DATA FOR REVIEW
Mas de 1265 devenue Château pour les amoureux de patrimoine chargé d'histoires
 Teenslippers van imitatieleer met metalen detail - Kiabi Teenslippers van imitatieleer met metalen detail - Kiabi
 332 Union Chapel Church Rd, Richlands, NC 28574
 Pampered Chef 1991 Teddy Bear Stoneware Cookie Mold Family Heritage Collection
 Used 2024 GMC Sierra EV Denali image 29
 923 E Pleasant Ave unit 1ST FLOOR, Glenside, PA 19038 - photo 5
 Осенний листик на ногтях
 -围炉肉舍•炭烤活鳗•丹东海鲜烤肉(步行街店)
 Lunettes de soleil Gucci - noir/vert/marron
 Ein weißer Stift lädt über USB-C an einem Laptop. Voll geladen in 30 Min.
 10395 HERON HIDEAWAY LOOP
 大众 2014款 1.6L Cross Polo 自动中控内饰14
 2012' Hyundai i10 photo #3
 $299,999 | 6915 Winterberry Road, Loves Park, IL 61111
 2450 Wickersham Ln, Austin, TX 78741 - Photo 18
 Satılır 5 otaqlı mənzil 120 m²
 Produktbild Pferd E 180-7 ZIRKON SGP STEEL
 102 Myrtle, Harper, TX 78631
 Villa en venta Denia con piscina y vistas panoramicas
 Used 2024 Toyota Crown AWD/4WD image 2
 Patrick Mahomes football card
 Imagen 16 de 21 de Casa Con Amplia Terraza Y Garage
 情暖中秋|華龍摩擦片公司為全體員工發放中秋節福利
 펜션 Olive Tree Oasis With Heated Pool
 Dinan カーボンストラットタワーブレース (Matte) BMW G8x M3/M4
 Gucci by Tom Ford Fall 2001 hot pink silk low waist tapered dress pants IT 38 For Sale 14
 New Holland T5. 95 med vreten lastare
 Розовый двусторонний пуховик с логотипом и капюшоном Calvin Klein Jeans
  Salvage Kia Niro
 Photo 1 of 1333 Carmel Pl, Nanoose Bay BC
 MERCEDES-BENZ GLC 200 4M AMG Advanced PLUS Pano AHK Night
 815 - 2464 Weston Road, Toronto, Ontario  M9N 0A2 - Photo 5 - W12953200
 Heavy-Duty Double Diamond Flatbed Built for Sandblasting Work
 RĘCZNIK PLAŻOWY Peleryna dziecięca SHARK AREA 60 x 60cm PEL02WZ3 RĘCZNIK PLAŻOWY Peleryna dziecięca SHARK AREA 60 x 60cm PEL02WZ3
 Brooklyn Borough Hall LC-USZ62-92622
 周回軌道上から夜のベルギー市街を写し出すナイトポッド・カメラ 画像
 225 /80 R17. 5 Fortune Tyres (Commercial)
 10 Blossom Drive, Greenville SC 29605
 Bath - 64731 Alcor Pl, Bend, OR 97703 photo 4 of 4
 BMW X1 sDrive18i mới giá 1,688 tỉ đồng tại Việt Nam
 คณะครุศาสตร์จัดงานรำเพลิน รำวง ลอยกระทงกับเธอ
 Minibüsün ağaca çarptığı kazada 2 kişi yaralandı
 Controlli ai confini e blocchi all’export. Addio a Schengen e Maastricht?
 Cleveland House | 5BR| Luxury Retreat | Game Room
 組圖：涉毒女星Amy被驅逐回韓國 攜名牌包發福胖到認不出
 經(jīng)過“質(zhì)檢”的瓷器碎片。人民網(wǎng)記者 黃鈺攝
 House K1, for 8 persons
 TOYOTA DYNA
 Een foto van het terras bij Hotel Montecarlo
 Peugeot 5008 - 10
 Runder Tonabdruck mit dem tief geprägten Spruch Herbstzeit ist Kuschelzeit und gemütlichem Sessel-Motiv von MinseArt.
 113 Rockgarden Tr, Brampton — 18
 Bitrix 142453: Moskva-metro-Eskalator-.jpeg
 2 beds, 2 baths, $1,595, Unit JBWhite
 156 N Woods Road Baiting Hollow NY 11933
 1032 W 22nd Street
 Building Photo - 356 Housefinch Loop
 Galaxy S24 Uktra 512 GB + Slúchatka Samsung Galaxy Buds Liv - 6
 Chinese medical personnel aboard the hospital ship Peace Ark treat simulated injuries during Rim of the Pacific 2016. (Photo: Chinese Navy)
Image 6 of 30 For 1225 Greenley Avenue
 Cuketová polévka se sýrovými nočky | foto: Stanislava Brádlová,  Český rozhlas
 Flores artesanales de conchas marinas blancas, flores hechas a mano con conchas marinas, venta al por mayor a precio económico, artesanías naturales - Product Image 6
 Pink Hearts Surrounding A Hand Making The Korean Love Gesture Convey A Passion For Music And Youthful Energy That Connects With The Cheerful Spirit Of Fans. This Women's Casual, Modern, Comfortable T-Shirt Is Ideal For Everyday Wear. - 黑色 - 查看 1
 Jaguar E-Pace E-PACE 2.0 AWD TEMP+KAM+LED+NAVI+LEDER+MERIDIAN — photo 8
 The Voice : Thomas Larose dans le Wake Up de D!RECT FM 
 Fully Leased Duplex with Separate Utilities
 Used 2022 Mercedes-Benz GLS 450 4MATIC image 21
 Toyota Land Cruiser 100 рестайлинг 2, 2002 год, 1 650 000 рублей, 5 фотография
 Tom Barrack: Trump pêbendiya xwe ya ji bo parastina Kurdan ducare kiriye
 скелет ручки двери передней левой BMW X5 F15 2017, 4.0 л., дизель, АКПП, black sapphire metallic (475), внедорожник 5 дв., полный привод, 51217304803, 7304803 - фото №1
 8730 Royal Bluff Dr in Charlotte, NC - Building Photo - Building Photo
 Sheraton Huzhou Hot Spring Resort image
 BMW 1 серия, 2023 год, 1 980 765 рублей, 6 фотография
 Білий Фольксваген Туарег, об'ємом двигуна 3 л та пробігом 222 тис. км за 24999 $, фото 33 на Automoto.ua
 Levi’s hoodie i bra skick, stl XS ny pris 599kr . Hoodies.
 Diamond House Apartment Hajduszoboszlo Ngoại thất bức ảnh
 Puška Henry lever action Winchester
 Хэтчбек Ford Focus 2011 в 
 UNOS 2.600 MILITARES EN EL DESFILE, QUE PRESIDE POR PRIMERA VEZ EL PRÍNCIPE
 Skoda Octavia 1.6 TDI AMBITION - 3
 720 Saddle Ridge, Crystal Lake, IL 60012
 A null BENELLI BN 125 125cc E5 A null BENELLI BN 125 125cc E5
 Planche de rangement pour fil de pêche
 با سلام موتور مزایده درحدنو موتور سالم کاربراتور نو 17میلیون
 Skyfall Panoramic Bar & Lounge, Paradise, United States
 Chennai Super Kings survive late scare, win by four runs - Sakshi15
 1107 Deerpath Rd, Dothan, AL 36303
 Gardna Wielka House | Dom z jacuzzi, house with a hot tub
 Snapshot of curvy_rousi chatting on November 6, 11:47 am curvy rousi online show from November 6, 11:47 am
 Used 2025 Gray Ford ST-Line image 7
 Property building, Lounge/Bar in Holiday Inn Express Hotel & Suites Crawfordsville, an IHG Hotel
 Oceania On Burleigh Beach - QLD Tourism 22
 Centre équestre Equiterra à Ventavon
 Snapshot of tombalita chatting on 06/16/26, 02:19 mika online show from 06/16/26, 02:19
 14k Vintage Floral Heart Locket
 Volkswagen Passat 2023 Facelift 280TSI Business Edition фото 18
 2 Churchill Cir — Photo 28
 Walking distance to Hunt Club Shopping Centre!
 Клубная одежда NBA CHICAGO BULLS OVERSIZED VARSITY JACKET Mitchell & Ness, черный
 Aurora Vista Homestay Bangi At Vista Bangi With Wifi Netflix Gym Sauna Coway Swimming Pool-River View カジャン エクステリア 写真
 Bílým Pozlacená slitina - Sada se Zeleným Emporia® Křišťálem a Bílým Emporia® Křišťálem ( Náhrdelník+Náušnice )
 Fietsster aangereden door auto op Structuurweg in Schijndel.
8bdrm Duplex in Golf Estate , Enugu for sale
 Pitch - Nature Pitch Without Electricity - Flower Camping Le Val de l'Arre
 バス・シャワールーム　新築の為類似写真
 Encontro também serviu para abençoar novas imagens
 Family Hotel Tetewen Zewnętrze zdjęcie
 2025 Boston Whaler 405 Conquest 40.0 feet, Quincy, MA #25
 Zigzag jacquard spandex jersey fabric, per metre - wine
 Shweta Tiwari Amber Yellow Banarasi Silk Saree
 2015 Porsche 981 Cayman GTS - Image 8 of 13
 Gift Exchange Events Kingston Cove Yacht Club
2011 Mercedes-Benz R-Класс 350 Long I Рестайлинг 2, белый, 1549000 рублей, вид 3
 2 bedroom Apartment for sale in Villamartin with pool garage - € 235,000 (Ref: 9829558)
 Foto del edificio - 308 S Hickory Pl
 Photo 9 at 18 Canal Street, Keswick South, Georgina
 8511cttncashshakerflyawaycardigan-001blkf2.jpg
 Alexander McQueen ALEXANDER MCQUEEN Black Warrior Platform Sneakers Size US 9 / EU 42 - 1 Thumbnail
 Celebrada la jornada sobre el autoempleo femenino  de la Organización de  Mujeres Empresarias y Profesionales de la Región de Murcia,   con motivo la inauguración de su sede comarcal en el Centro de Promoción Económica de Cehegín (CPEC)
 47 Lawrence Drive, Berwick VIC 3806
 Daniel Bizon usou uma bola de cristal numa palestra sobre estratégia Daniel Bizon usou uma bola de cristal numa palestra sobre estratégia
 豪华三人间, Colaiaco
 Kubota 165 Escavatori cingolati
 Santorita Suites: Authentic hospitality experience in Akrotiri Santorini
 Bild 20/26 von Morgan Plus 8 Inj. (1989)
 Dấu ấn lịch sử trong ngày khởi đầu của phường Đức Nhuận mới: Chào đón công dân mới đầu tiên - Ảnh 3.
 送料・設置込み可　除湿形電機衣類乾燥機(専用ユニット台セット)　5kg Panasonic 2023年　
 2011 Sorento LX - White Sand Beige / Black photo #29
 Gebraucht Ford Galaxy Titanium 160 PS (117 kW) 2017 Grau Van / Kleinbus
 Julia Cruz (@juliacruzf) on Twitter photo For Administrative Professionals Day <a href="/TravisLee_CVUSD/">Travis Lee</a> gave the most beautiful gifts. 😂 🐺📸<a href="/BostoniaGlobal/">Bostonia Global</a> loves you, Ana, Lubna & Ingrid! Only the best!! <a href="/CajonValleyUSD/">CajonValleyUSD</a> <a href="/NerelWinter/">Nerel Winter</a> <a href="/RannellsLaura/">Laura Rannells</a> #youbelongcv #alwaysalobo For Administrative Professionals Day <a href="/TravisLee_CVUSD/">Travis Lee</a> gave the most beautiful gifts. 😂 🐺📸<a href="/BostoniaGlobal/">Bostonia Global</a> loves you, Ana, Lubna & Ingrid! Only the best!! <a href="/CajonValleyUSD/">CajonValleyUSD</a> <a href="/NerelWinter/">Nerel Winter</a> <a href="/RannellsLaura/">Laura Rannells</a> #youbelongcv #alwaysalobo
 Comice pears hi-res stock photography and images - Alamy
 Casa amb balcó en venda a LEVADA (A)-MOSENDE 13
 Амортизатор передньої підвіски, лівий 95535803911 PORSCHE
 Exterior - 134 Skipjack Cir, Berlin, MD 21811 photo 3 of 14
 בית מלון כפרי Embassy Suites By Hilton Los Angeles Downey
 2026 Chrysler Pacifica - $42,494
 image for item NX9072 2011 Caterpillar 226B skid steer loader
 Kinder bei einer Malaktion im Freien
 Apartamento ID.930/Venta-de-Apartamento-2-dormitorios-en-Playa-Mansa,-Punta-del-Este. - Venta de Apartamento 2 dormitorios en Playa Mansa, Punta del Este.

TASK DIRECTIONS
Copy every line of the data that holds the string "pour".

RESPONSE AREA
Mas de 1265 devenue Château pour les amoureux de patrimoine chargé d'histoires
 Planche de rangement pour fil de pêche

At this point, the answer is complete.